Oh, you're right! That is indeed the issue. I'll see how I can make chunk work on the GPU
Typically, CUDA.jl will return CuArrays instead of SubArrays for views, so long as the values are contiguous. The use of selectdim in chunk will try to take a view. If the "chunk" you are selecting corresponds to multiple indices (e.g. 2:4) in a middle dimension, then this will be a non-contiguous access and CUDA.jl will fallback to returning a SubArray. At this point almost any downstream operation on the GPU will complain. Basically this is to say that the CPU and GPU code path have to diverge cause you cannot make views work in this case.

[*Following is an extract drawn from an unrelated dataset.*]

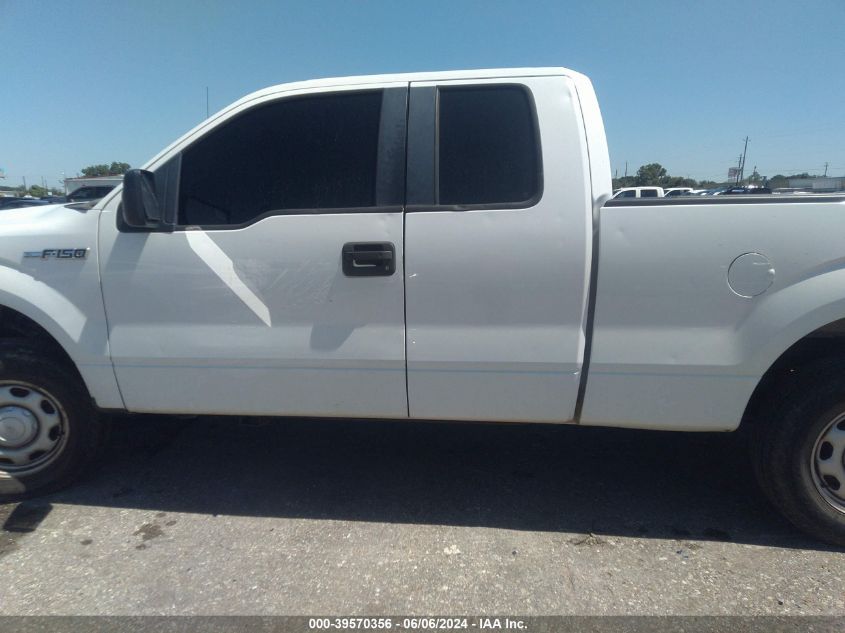 2011 Ford F-150 Xl VIN: 1FTFX1EF5BFB77071 Lot: 39570356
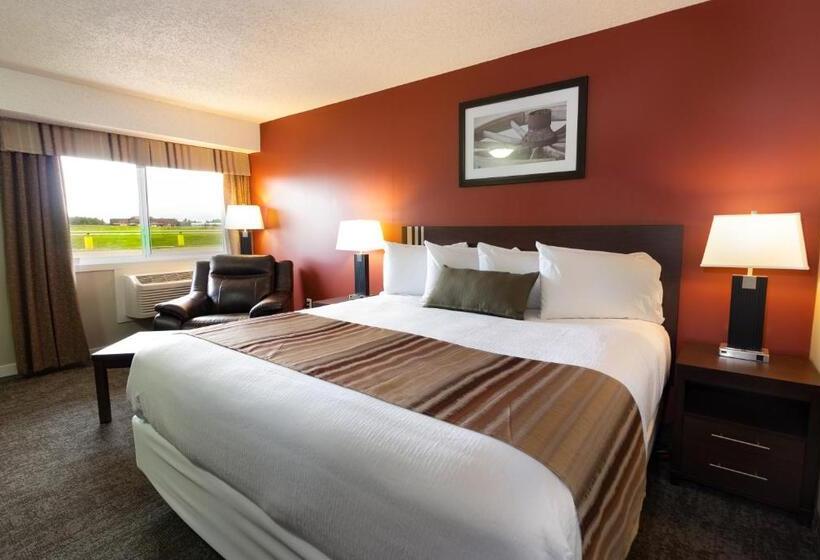 디럭스 스위트 킹 침대, Bcminns  Lloydminster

Not sure exactly how we want to fix this. I feel that any change will be slower for the CPU path, and MLUtils.jl currently doesn't depend on CUDA.jl (we want to keep it this way).

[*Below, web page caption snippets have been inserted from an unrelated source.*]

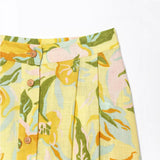 Style Strapless Top with Printed Skirt Set - V.I.P Digital Presence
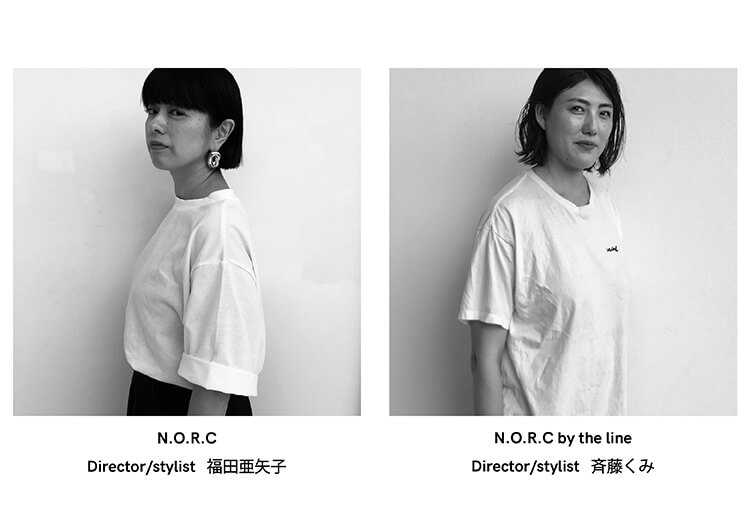 Director/stylist 福田亜矢子 斉藤くみ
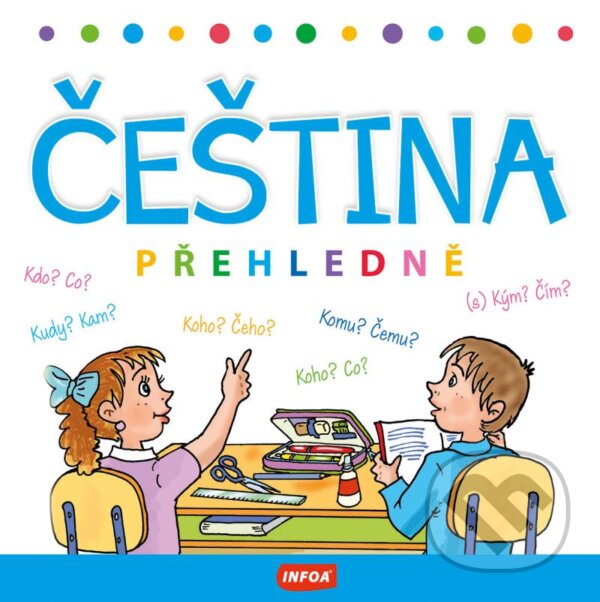 Levně Čeština přehledně - kniha z kategorie Jazykové učebnice a slovníky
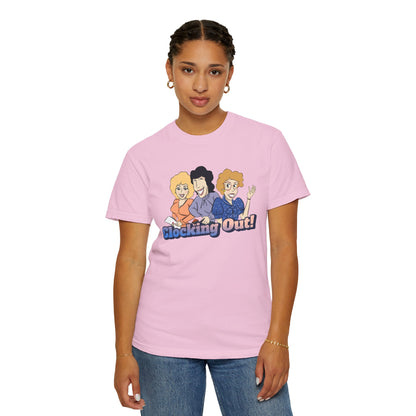 Working 9 to Fabulous | Unisex Garment-Dyed T-shirt - T-Shirt | A quirky, joy-filled design from Have Fun Spread Joy.
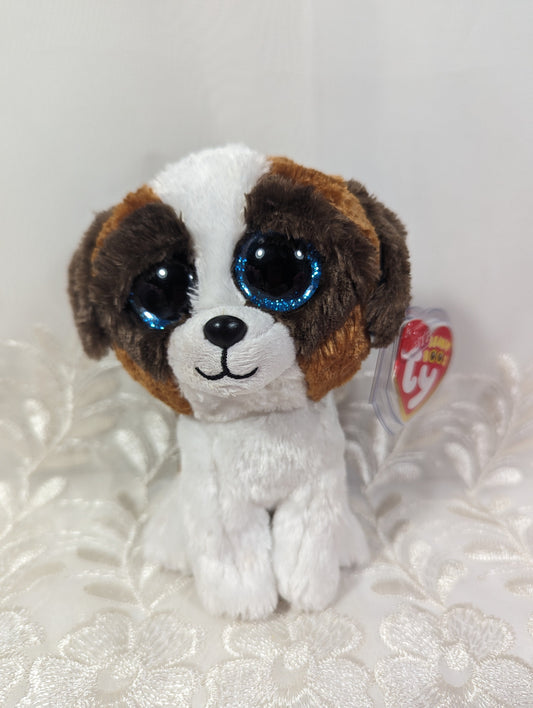 Ty Beanie Boo - Duke The Dog (6in) Non - mint Tag - Vintage Beanies Canada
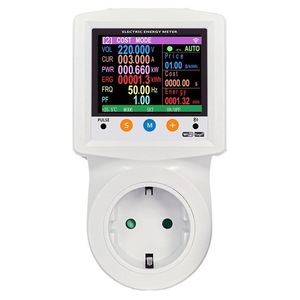 <span class=keywords><strong>Prise</strong></span> intelligente Wi-Fi JIUJI JJEPM 220V EU avec protection contre les surtensions et les <span class=keywords><strong>sous</strong></span>-tensions, <span class=keywords><strong>compteur</strong></span> 8-en-1, compatible Tuya Smartlife - Product Image 6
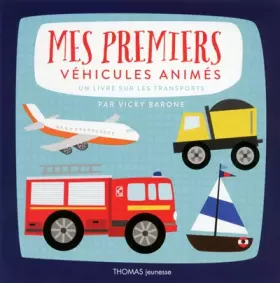 Couverture du produit · Mes premiers véhicules animés
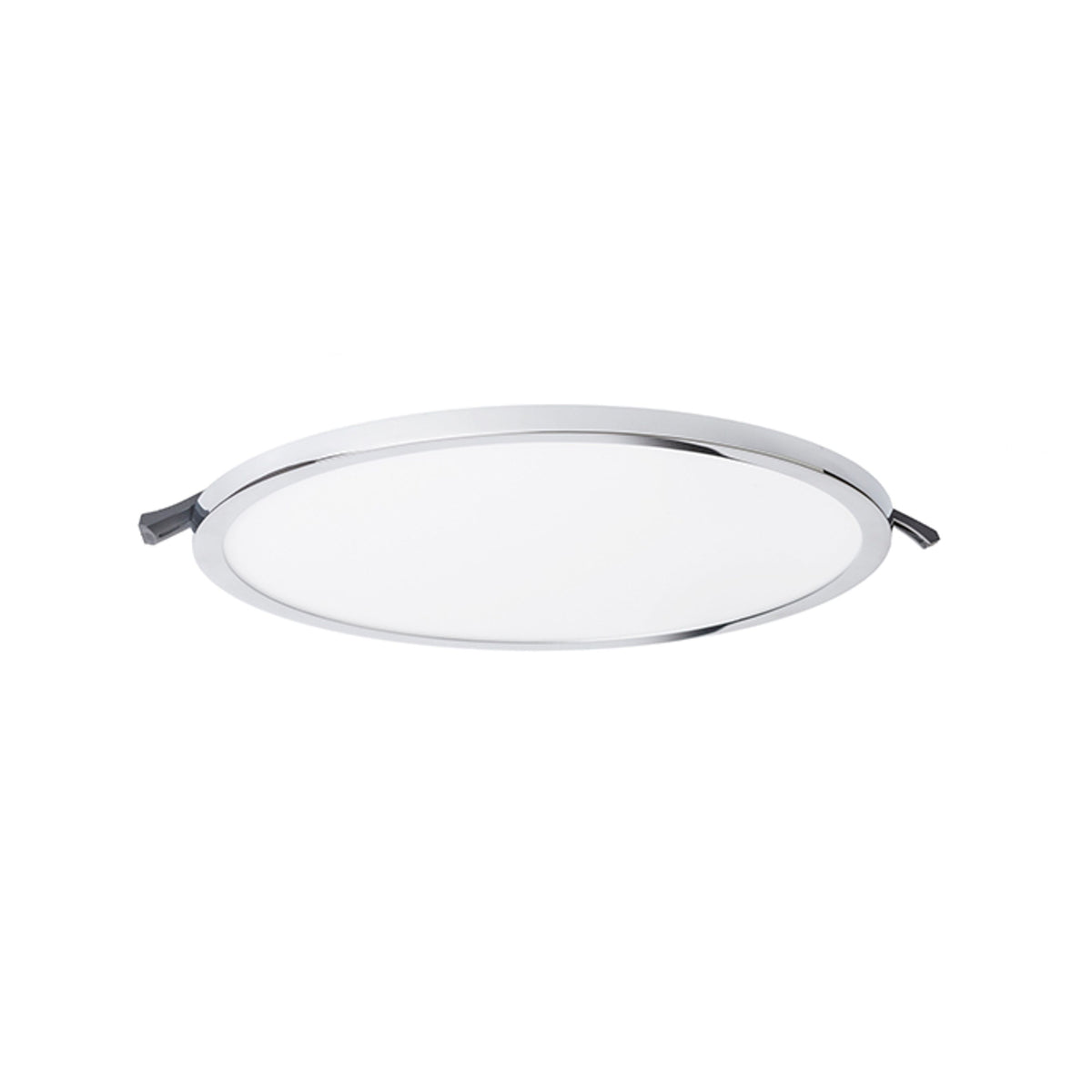 RENDL recessed light HUE R 22 recessed chrome 230V LED 24W 3000K R12772 2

cc @CarloLucibello and @ToucheSir for some more eyes
If I'm not mistaken, https://github.com/FluxML/Metalhead.jl/blob/edf83e0932a8ebf8c642db35dbf8dcbcb293ad38/src/layers/attention.jl#L47 accesses the last dimension and not a middle one?
Oops so then selectdim just always returns a SubArray? Taking a contiguous view directly should return CuArray if I'm not mistaken.
Looks like it does for CuArrays. My understanding from testing with Cthulhu is that https://github.com/JuliaLang/julia/blob/v1.7.3/base/abstractarraymath.jl#L136 transforms what should be a : or or a UnitRange{Int64} for the non-selected dimensions into a Slice{OneTo{Int64}} . view on CuArrays can recognize view(x, :) is contiguous, but not view(x, Base.Slice(axes(x, 1))).
For our purposes, I think replacing the selectdim on https://github.com/JuliaML/MLUtils.jl/blob/348dbdd04065c650cf4a8fb2979bdaa4aad0b84a/src/utils.jl#L165 with an equivalent function that fills in non-chunked dims with Colon would suffice. It might also be nice to support dims as a Val for type stability, but as long as we can avoid triggering https://github.com/JuliaGPU/CUDA.jl/blob/0a46a13467f8522cc84ca490bc4948e25bf95fd3/src/array.jl#L631 we should be fine.
can this be closed?
I think so, we can re-open if anything was missed.